What is expected =
Copy only the lines between the one containing "Lindsaea microphylla" and the end of the records, both included, leaving out pictures.

Crawled caption data:
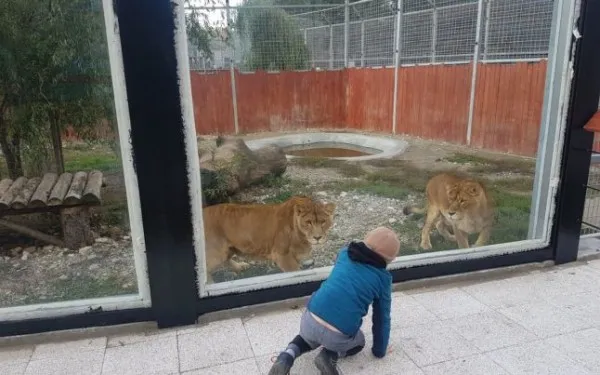 Cum va fi la Zoo, în prima etapă de relaxare: Distanţa de 1,5 m trebuie păstrată şi faţă de animale. Vizitatorii sunt rugaţi să nu se urce pe garduri  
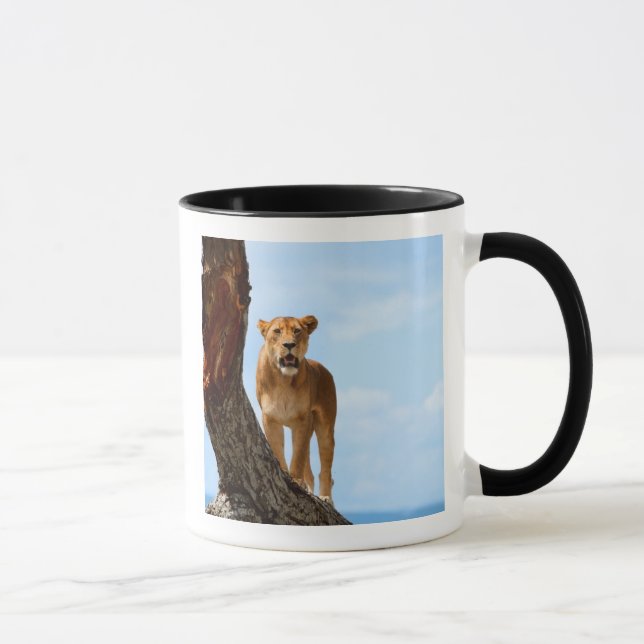 Lioness Mugg (Höger)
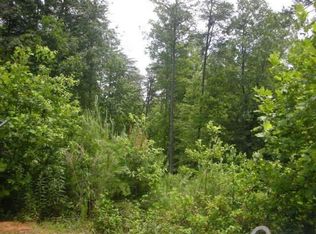 310 Forest Trl, Clarkesville, GA 30523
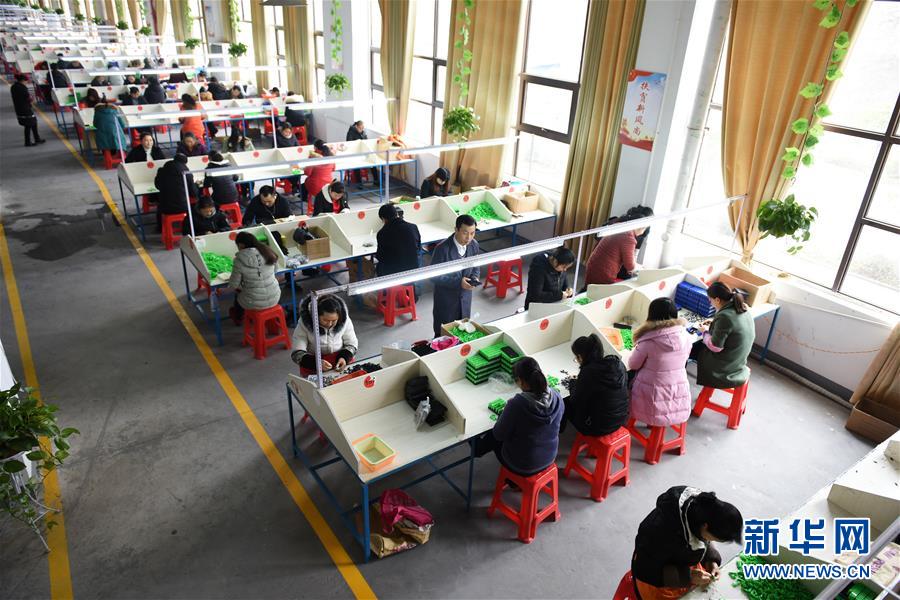 (在習近平新時代中國特色社會主義思想指引下——新時代新作為新篇章·圖文互動)(5)“搬遷到哪里,服務就延伸到哪里”——貴州推進易地扶貧搬遷“后半篇文章”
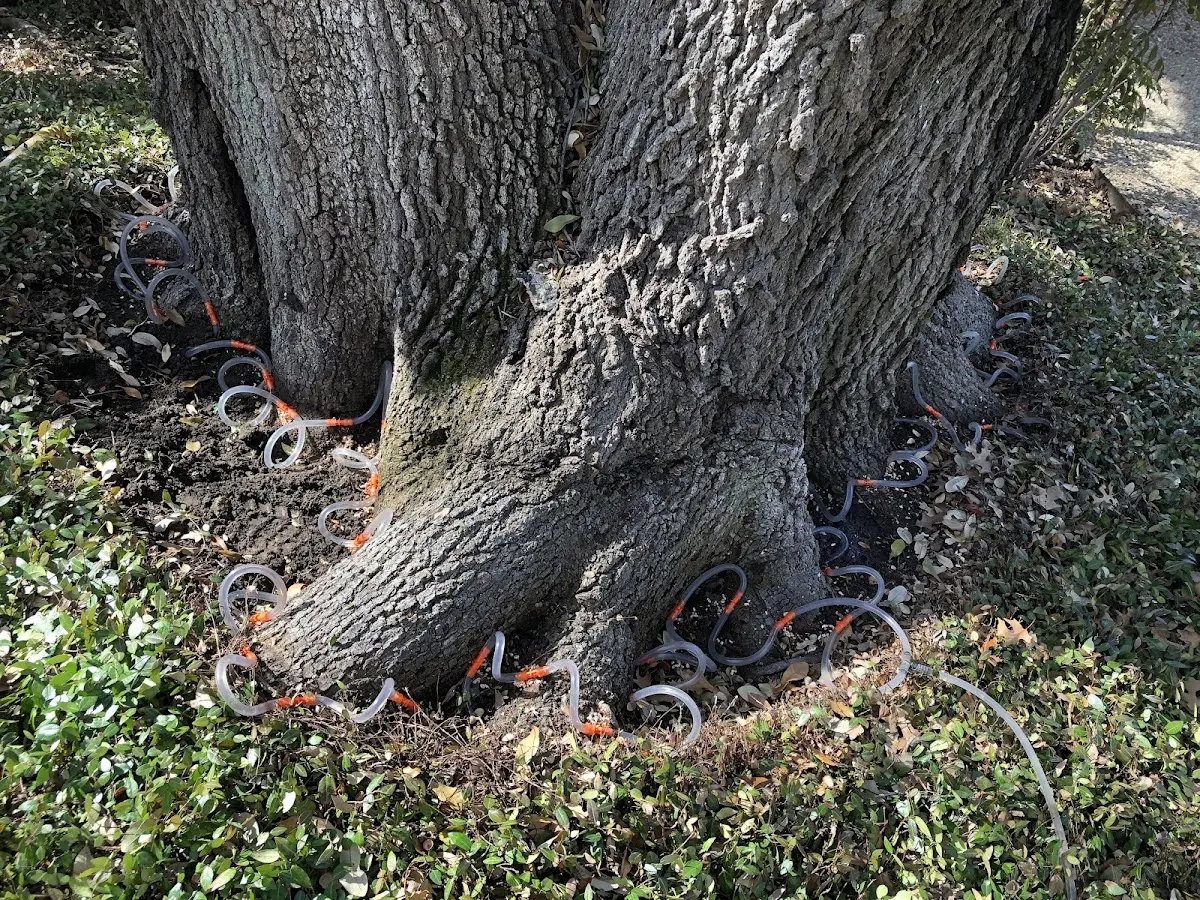 Detailed Tree Cabling and Bracing job site in Girard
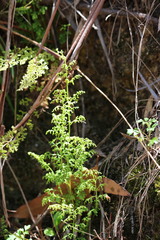 Lindsaea microphylla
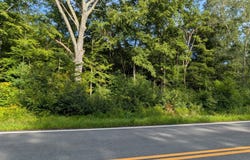 Pudding Hill Road, Hampton, CT 06247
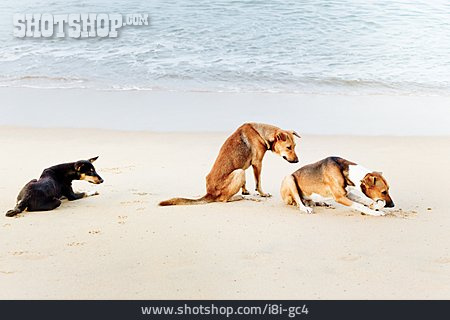 
                Sri Lanka, Straßenhund                   
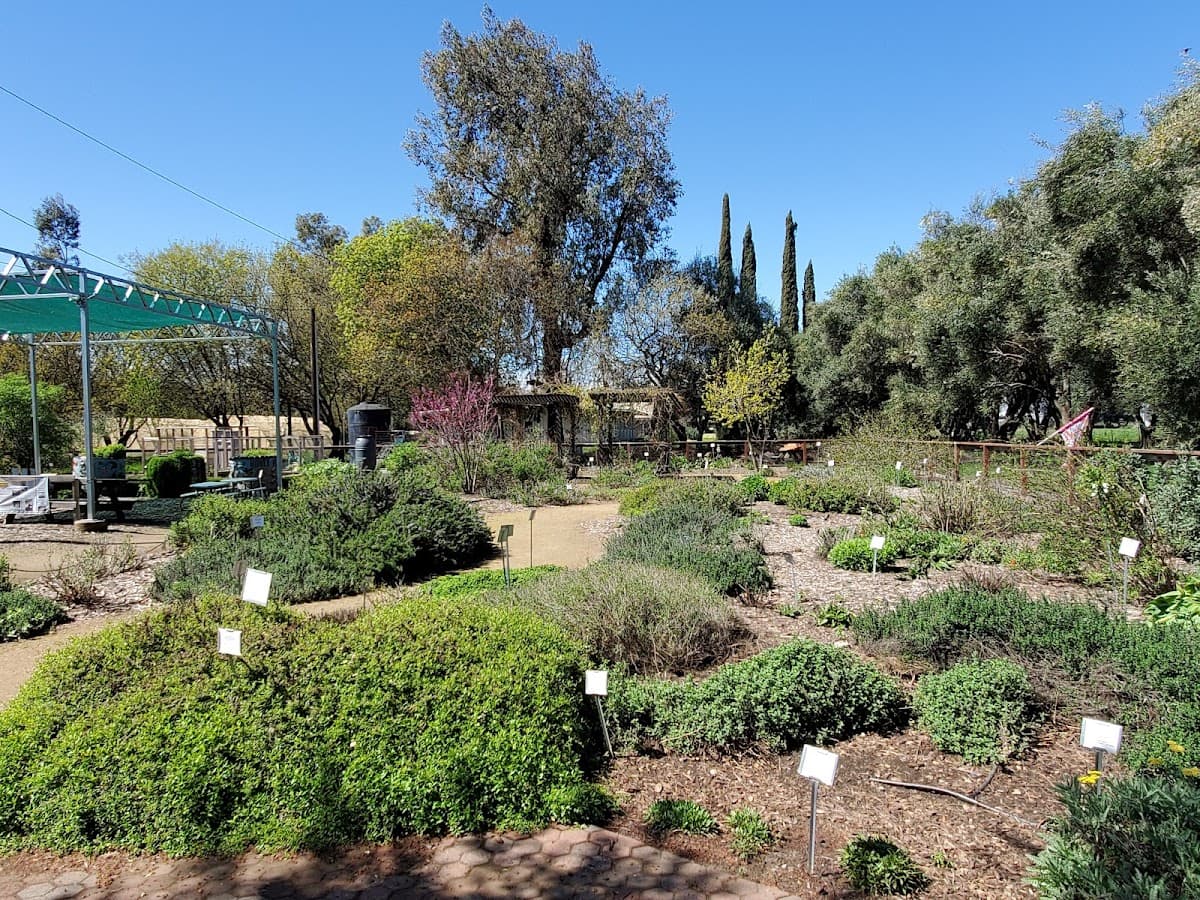 Haagen-Dazs Honey Bee Haven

Answer box =
 Lindsaea microphylla
 Pudding Hill Road, Hampton, CT 06247
                Sri Lanka, Straßenhund                   
 Haagen-Dazs Honey Bee Haven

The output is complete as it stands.